A Most Violent Year de J.C. Chandor

a most violent year affiche

A Most Violent Year

de J.C. Chandor

Drame, Thriller, Policier

Avec Oscar Isaac, Jessica Chastain, David Oyelowo, Albert Brooks, Alessandro Nivola

Sorti le 4 février 2015

Pour son troisième long-métrage (après le très remarqué Margin Call et All is lost), Jeffrey C. Chandor revisite avec succès le début des années 80 à New-York et brosse le portrait d’un immigré bien décidé à embrasser le rêve américain et à faire sa place dans le monde du pétrole.

Mais qu’on ne se fie pas aux images d’Épinal, avec A most violent year, on est loin du veau d’or de Wall Street et des yuppies à la réussite arrogante et au sourire carnassier. L’histoire se déroule en 1981, statistiquement l’une des années les plus violentes dans l’histoire de la ville, soit deux ans après le deuxième choc pétrolier de 1979.

À la veille d’un achat important pour l’expansion de sa société de fuel, Abel Morales se heurte à des dangers provenant de toutes parts (violence galopante de gangsters, corruption rampante, contrôles fiscaux du procureur du district) qui menacent de détruire tout ce que lui et sa famille ont construit. Homme d’affaires de sang-froid, à la force tranquille et au regard fixe, Abel a toujours mis au sommet de ses qualités professionnelles sa droiture morale. Un carburant éthique qui n’est pas vraiment celui de ses concurrents, tous prêts aux pires bassesses pour l’évincer du marché. Dans un New York sombre et glacial, il doit faire face aux détournements de plus en plus fréquents de ses camions par des hommes armés. Un de ses chauffeurs, gravement blessé suite à une agression de gangsters, peine à reprendre la route sans arme.

Lent au démarrage, A most violent year est peu comme un moteur diesel dans un pays froid : une fois parti, il ne s’arrête plus. JC Chandor, réalisateur qui appartient à la mouvance du jeune cinéma indépendant américain, a le don de filmer au cordeau et de distiller une tension (tantôt lente, tantôt avec des accélérations brusques) de tous les instants. À la manière de Sidney Lumet, maitre du polar engagé et humaniste (dont il est un grand admirateur) Chandor bouscule les règles de la narration classique. Sa caméra n’épouse pas le point de vue des criminels mais palpe constamment la tension de son héros, l’homme intègre essayant de survivre dans un cadre délétère. Comme Lumet, il peint le désenchantement d’une ville qui ne respecte plus rien et se fait écho des difficultés d’adaptation d’une certaine conscience morale à la jungle new-yorkaise. Abel Morales doit faire face à une solitude pesante, une violence oppressante et un trouble permanent qui s’amoncellent tout comme la neige à New York.

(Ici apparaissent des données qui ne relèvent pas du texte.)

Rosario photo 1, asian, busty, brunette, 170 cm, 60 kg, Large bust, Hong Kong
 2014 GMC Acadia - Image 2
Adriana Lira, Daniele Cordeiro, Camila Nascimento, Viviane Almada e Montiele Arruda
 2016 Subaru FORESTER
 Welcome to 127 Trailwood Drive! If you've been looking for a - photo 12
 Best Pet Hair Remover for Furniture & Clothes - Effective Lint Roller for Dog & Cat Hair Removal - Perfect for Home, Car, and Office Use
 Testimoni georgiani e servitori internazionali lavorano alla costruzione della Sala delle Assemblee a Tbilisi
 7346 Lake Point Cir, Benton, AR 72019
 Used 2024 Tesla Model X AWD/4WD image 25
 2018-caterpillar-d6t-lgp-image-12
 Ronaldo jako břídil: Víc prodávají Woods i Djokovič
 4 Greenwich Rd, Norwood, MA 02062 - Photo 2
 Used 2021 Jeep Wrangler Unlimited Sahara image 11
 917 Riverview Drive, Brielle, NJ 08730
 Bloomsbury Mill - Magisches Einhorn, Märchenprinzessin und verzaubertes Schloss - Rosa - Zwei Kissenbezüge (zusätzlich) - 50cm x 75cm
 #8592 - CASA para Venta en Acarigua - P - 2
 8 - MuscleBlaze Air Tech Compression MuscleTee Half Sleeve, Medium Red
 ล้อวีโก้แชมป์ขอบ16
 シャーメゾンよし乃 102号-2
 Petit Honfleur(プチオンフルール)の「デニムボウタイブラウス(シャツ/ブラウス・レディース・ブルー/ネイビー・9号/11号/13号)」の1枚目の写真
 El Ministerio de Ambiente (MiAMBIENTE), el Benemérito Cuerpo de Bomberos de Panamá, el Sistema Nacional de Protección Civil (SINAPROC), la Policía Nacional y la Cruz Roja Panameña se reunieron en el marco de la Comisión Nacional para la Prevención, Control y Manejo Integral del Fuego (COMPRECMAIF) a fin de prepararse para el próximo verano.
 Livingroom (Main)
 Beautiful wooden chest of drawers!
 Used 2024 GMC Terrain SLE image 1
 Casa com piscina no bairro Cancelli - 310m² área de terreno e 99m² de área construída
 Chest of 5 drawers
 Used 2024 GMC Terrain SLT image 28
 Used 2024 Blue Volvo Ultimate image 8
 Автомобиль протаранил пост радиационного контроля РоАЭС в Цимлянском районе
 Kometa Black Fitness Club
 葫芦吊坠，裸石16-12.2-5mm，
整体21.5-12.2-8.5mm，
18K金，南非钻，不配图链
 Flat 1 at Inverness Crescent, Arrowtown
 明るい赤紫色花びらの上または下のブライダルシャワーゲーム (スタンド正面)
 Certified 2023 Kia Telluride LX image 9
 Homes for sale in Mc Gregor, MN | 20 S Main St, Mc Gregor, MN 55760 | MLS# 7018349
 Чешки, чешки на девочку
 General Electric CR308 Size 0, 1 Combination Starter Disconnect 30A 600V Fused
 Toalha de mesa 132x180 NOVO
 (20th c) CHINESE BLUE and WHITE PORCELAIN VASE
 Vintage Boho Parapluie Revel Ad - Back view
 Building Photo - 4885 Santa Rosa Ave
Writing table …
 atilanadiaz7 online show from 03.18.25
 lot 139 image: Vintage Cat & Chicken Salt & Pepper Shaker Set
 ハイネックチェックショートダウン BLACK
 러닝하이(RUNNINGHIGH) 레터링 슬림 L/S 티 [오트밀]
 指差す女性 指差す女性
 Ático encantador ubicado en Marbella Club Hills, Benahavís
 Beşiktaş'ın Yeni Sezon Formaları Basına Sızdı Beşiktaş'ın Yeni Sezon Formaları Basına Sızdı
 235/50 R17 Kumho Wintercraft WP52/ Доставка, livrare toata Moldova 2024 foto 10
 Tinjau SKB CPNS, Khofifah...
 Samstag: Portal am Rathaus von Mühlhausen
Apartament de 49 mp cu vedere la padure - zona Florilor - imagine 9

Outre sa mise en scène bien calibrée, le film doit également sa montée en puissance à la qualité d’interprétation d’Oscar Isaac et de Jessica Chastain. Dans la peau de l’homme d’affaires à la foi inextinguible et à la rhétorique redoutable, Isaac se révèle tout simplement magnétique. Au départ, c’était Javier Bardem qui était pressenti pour incarner le personnage principal d’origine hispanophone en quête de fortune mais il a été évincé au dernier moment par l’acteur d’ Inside Llewyn Davis qui a fait ses classes à la prestigieuse Juilliard school tout comme Jessica Chastain. En épouse, femme d’affaires et mère au caractère bien trempé, l’actrice deux fois nommée aux oscars pour ses rôles dans Zero Dark Thirty et la couleur des sentiments se défend plus qu’honorablement. Pour les besoins du film, la belle rousse vire au blond et adopte élégamment le look 80’s. Oscar Isaac et de Jessica Chastain dégagent une étrange alchimie à l’écran. Ils forment un couple riche en contrastes qui fonctionne à merveille, mis en valeur par une belle photographie au ton ocre qui joue régulièrement avec des portraits d’ombres et de lumières.

L’ambiance oppressante du film est aggravée par une bande-son lancinante et par de longs plans fixes de paysages enneigés et troubles qui accentuent l’isolement du couple. Mais les plans statiques sont régulièrement contrebalancés par des scènes d’action très réussies, notamment une course poursuite haletante.

Quant au final, il nous renvoie à un cheminement assez nébuleux où une certaine morale est atteinte par des voies que d’aucuns considéreront comme immorales. Il n’est pas non plus sans rappeler que, quel que soit le chemin emprunté, le rêve américain a un prix et qu’il se réalise difficilement sans dommages collatéraux humains.